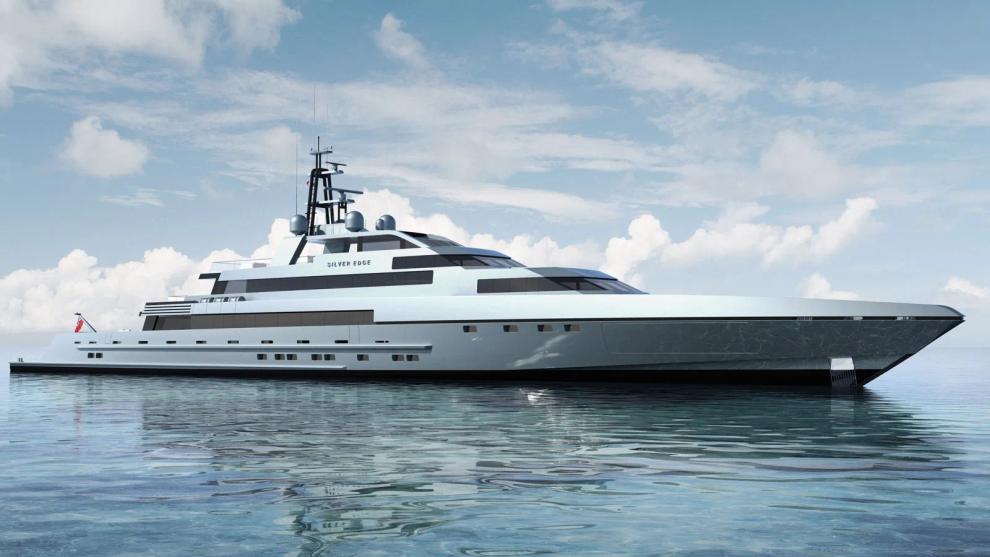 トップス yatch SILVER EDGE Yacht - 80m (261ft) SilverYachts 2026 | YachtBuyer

++++

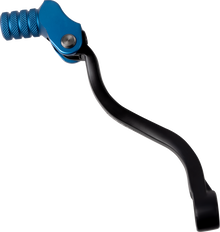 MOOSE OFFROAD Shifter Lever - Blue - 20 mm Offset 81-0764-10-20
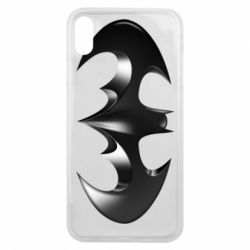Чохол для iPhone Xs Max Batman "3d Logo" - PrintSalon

++++

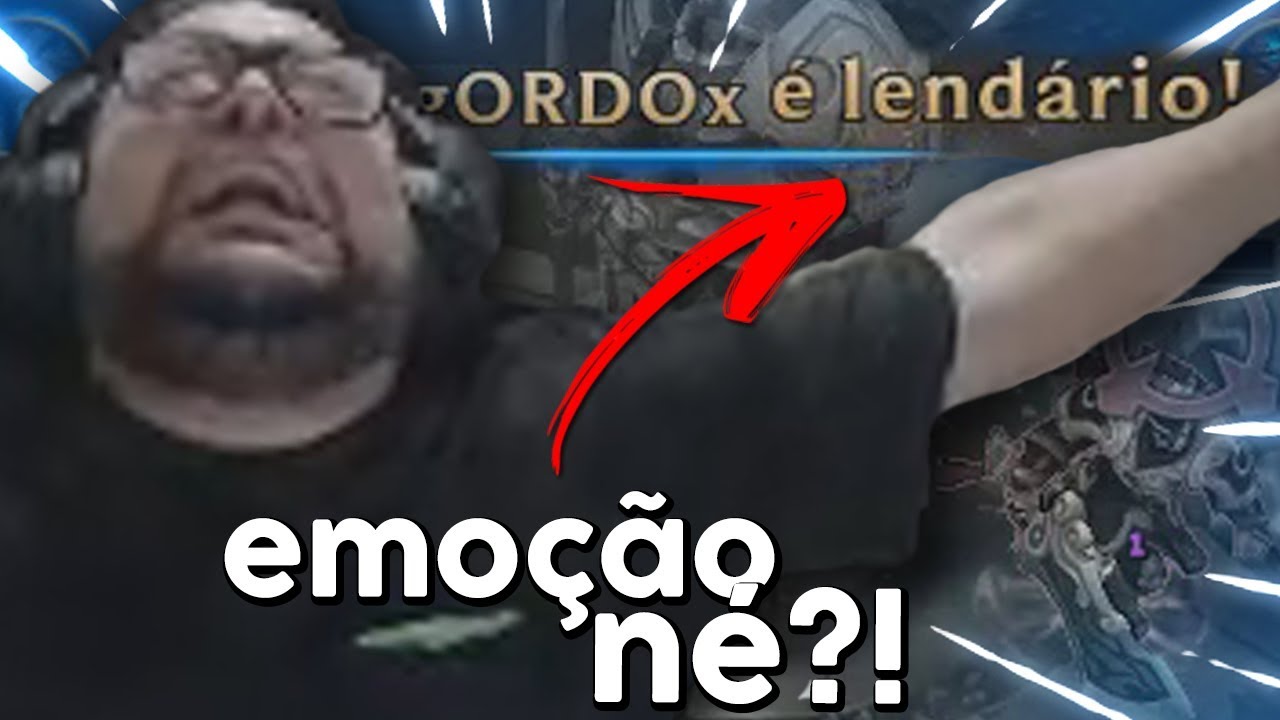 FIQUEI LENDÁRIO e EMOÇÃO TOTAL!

++++

## Problem
Using the entries above, reproduce word for word only the lines from the one that contains "MOOSE OFFROAD Shifter" to the one that contains "Чохол для iPhone", both ends included, and drop every picture.

## Written response
 MOOSE OFFROAD Shifter Lever - Blue - 20 mm Offset 81-0764-10-20
Чохол для iPhone Xs Max Batman "3d Logo" - PrintSalon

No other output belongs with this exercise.